First, I assume that you are already familiar with socket programming and have several years of experience under your belt. If that is not the case, I highly recommend some links that you will find in the reference section that may guide you along the way. For those who are "all fired up and ready to go", please read on. I will try to shed some light on how you can use the new classes to enhance the performance of your system.

Synchronous Sockets

By default, sockets operate in blocking mode, that means you will need a dedicated thread to read/wait for data while another one will write/send data on the other side. This is now made easier for you by using the new template class.

Typically, a client needs only one thread, so there is no problem there but if you are developing server components and need reliable communication or point-to-point link with your clients, sooner or later, you will find that you need multiple threads to handle your requests.

SocketClientImpl

The first template SocketClientImpl encapsulates socket communication from a client perspective. It can be used to communicate using TCP (SOCK_STREAM) or UDP (SOCK_DGRAM). The good news here is that it handles the communication loop and will report data and several important events in an efficient manner.

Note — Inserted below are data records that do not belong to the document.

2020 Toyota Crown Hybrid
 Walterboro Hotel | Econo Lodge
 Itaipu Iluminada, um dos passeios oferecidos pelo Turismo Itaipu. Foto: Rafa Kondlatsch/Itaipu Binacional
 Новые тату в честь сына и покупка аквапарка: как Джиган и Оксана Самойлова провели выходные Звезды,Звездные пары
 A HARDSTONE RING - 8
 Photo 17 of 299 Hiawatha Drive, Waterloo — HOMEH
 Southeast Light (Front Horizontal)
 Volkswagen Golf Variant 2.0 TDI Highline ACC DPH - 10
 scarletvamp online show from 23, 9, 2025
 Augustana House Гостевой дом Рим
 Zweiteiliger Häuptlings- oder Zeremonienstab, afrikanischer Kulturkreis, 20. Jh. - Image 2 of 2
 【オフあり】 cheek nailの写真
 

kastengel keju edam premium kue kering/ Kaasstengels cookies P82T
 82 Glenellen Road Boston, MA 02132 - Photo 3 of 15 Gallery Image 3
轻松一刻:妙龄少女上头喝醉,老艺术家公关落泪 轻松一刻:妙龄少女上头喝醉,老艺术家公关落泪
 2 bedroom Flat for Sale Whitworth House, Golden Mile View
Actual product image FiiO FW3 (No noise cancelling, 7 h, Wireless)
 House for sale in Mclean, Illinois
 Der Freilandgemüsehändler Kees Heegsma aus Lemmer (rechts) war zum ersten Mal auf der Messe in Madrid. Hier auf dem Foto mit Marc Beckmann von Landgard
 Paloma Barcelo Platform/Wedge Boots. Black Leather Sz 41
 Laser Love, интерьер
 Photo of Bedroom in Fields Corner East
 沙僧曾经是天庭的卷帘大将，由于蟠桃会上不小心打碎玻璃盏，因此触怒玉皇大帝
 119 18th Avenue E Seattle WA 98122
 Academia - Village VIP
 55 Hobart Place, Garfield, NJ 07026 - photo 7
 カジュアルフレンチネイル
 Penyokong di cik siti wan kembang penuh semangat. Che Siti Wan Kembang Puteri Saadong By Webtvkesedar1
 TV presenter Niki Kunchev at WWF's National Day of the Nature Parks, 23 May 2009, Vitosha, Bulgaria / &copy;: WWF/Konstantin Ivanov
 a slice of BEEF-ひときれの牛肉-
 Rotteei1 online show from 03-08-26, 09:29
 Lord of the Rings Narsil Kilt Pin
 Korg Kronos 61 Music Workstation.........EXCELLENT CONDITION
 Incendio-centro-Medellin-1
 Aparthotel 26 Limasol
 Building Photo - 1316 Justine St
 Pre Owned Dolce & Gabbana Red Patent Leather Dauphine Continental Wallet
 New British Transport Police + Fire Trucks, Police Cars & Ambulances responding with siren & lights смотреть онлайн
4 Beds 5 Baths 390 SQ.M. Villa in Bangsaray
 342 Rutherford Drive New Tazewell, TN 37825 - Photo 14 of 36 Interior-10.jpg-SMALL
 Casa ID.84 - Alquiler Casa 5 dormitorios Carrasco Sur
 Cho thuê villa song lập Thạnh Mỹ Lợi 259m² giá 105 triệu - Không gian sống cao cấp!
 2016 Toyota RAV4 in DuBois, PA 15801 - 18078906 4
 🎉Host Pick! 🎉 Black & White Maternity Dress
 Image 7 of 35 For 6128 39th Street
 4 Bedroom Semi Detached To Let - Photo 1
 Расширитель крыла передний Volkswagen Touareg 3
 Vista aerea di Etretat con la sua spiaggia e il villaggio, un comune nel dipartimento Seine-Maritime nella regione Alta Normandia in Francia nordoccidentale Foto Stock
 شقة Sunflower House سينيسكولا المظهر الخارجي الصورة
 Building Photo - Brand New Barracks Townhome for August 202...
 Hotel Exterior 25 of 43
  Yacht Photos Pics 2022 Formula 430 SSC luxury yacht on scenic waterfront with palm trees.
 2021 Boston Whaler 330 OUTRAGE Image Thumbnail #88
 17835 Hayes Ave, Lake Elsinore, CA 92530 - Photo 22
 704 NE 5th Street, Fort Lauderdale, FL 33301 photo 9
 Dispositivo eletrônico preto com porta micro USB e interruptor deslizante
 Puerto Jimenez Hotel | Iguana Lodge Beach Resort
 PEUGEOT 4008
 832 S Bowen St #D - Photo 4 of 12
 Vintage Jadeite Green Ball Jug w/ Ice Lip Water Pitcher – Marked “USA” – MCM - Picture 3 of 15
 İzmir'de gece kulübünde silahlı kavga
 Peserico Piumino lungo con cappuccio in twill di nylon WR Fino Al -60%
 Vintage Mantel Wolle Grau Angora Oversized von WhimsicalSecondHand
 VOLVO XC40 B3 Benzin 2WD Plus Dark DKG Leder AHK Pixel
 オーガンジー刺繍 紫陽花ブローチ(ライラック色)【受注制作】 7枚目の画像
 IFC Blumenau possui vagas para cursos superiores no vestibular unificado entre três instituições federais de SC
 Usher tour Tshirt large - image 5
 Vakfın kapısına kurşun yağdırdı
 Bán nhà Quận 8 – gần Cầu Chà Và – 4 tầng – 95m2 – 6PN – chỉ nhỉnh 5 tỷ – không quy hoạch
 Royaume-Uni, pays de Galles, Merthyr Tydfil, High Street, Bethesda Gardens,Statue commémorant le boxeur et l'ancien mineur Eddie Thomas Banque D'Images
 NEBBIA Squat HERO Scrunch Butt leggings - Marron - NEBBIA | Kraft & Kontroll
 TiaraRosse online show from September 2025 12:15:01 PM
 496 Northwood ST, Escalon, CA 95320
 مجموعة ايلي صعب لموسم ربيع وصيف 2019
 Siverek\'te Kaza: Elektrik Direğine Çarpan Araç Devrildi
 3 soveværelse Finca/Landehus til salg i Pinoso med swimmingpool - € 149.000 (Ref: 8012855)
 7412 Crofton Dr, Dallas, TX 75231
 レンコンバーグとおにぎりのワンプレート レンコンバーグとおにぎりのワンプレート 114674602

All this to make the task really straightforward for you.

template <typename T, size_t tBufferSize = 2048>

class SocketClientImpl

{

    typedef SocketClientImpl<T, tBufferSize> thisClass;

public:

    SocketClientImpl()

    : _pInterface(0)

    , _thread(0)

    {

    }



    void SetInterface(T* pInterface)

    {

        ::InterlockedExchangePointer(reinterpret_cast<void**>(&_pInterface), pInterface);

    }



    bool IsOpen() const;

    bool CreateSocket(LPCTSTR pszHost, LPCTSTR pszServiceName,

			int nFamily, int nType, UINT uOptions = 0);

    bool ConnectTo(LPCTSTR pszHostName, LPCTSTR pszRemote,

			LPCTSTR pszServiceName, int nFamily, int nType);

    void Close();

    DWORD Read(LPBYTE lpBuffer, DWORD dwSize,

		LPSOCKADDR lpAddrIn = NULL, DWORD dwTimeout = INFINITE);

    DWORD Write(const LPBYTE lpBuffer, DWORD dwCount,

		const LPSOCKADDR lpAddrIn = NULL, DWORD dwTimeout = INFINITE);

    bool StartClient(LPCTSTR pszHost, LPCTSTR pszRemote,

		LPCTSTR pszServiceName, int nFamily, int nType);

    void Run();

    void Terminate(DWORD dwTimeout = 5000L);



    static bool IsConnectionDropped(DWORD dwError);



protected:

    static DWORD WINAPI SocketClientProc(thisClass* _this);

    T*              _pInterface;

    HANDLE          _thread;

    CSocketHandle   _socket;

};

The client interface reports the following events:

class ISocketClientHandler

{

public:

    virtual void OnThreadBegin(CSocketHandle* ) {}

    virtual void OnThreadExit(CSocketHandle* ) {}

    virtual void OnDataReceived(CSocketHandle* , const BYTE* ,

				DWORD , const SockAddrIn& ) {}

    virtual void OnConnectionDropped(CSocketHandle* ) {}

    virtual void OnConnectionError(CSocketHandle* , DWORD ) {}

};
Function Description
OnThreadBegin Called when thread starts
OnThreadExit Called when thread is about to exit
OnDataReceived Called when new data arrives
OnConnectionDropped Called when an error is detected. The error is caused by loss of connection or socket being closed.
OnConnectionError Called when an error is detected.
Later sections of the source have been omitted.